**Work task:** Would you repeat the listing below exactly, with no pictures in it?

**The data:**
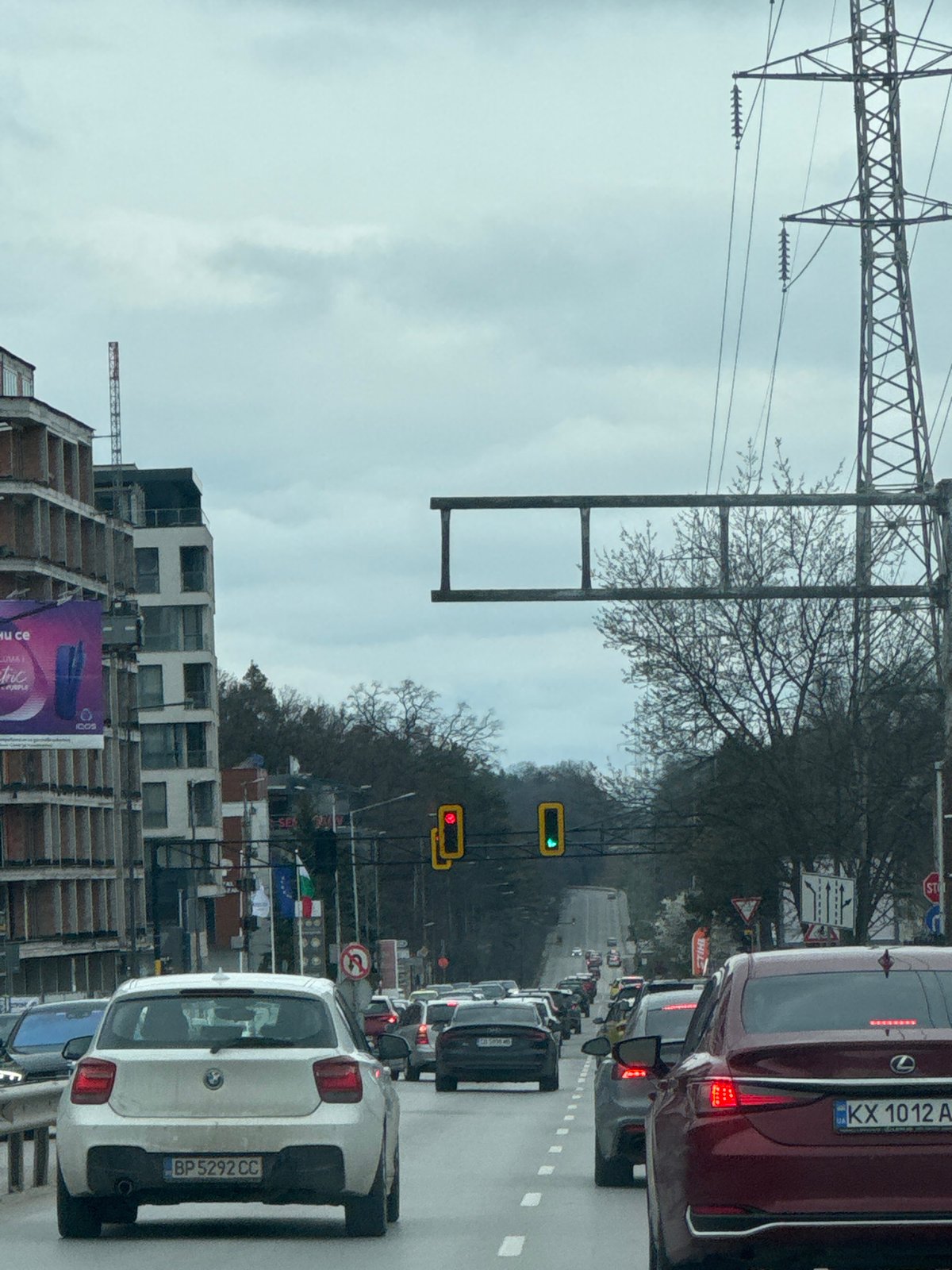 Heavy traffic congestion observed in Sofia during afternoon rush hour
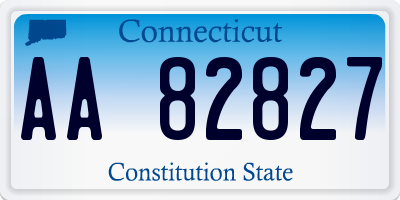 CT license plate AA82827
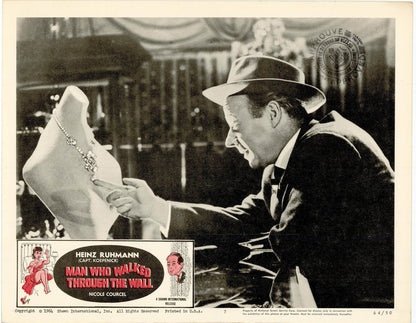 The Man Who Walked Through the Wall Movie Lobby Card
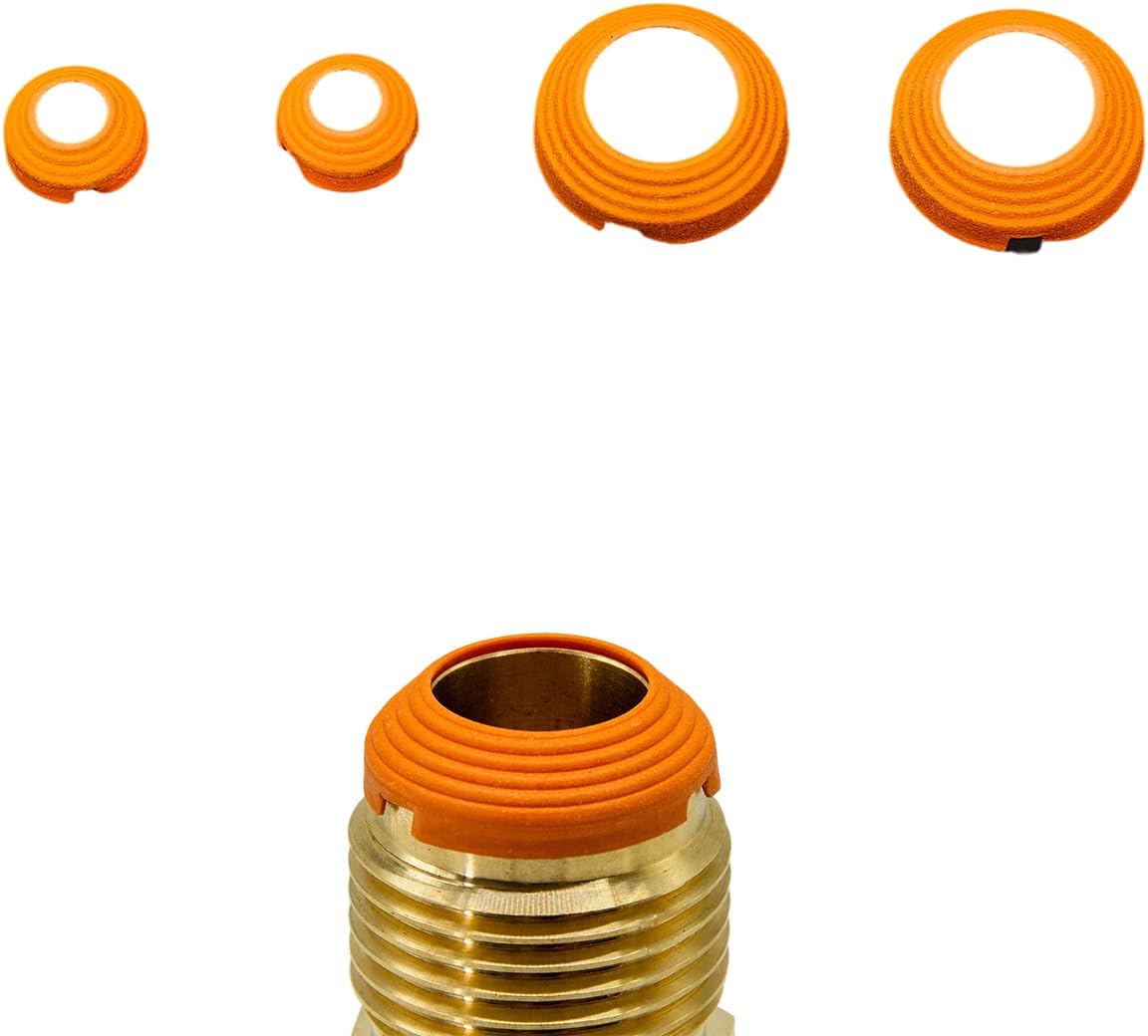 HVAC Leak-Free SAE Flare Gaskets, Flare Fitting Seal for Mini Split Kit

**Result of the task:**
 Heavy traffic congestion observed in Sofia during afternoon rush hour
 CT license plate AA82827
 The Man Who Walked Through the Wall Movie Lobby Card
 HVAC Leak-Free SAE Flare Gaskets, Flare Fitting Seal for Mini Split Kit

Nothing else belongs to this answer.